Problem to solve ▸
For each record below, set it down exactly but leave out any picture.

* * * * *

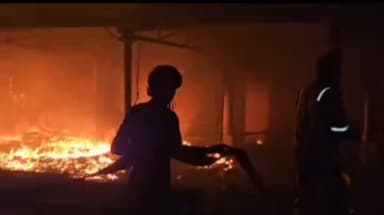 बुलंदशहर : खुर्जा की नवीन मंडी में भीषण आग, मची अफरा-तफरी
बुलंदशहर के खुर्जा स्थित नवीन मंडी में भीषण आग लगने से हड़कंप मच गया। मंडी परिसर में मौजूद कई दुकानों और बड़ी संख्या में रखी प्लास्टिक की क्रेटें आग की चपेट में आ गईं, जिससे भारी नुकसान की आशंका जताई जा रही है।
सूचना मिलते ही फायर ब्रिगेड की कई गाड़ियां मौके पर पहुंचीं और आग बुझाने के प्रयास में जुट गईं। दमकल कर्मियों ने कड़ी मशक्कत के बाद आग पर काबू पाने का अभियान शुरू किया। राहत की बात यह रही कि समाचार लिखे जाने तक किसी जनहानि की सूचना नहीं मिली है।
घटना के बाद मंडी क्षेत्र में अफरा-तफरी का माहौल बन गया। प्रशासन और दमकल विभाग की टीमें मौके पर मौजूद रहकर राहत एवं बचाव कार्य में जुटी हुई हैं। आग लगने के कारणों का पता लगाने के लिए जांच की जा रही है।
#Bulandshahr #Khurja #KhurjaMandi #FireIncident #BreakingNews #BulandshahrNews #UttarPradesh #FireBrigade #FireAlert #MandiFire #LatestNews #HindiNews #ViralNews #EmergencyResponse #NewsUpdate #BulandshaharDiary #UPNews #FireSafety #RescueOperation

* * * * *

Written reply ▸
 बुलंदशहर : खुर्जा की नवीन मंडी में भीषण आग, मची अफरा-तफरी
बुलंदशहर के खुर्जा स्थित नवीन मंडी में भीषण आग लगने से हड़कंप मच गया। मंडी परिसर में मौजूद कई दुकानों और बड़ी संख्या में रखी प्लास्टिक की क्रेटें आग की चपेट में आ गईं, जिससे भारी नुकसान की आशंका जताई जा रही है।
सूचना मिलते ही फायर ब्रिगेड की कई गाड़ियां मौके पर पहुंचीं और आग बुझाने के प्रयास में जुट गईं। दमकल कर्मियों ने कड़ी मशक्कत के बाद आग पर काबू पाने का अभियान शुरू किया। राहत की बात यह रही कि समाचार लिखे जाने तक किसी जनहानि की सूचना नहीं मिली है।
घटना के बाद मंडी क्षेत्र में अफरा-तफरी का माहौल बन गया। प्रशासन और दमकल विभाग की टीमें मौके पर मौजूद रहकर राहत एवं बचाव कार्य में जुटी हुई हैं। आग लगने के कारणों का पता लगाने के लिए जांच की जा रही है।
#Bulandshahr #Khurja #KhurjaMandi #FireIncident #BreakingNews #BulandshahrNews #UttarPradesh #FireBrigade #FireAlert #MandiFire #LatestNews #HindiNews #ViralNews #EmergencyResponse #NewsUpdate #BulandshaharDiary #UPNews #FireSafety #RescueOperation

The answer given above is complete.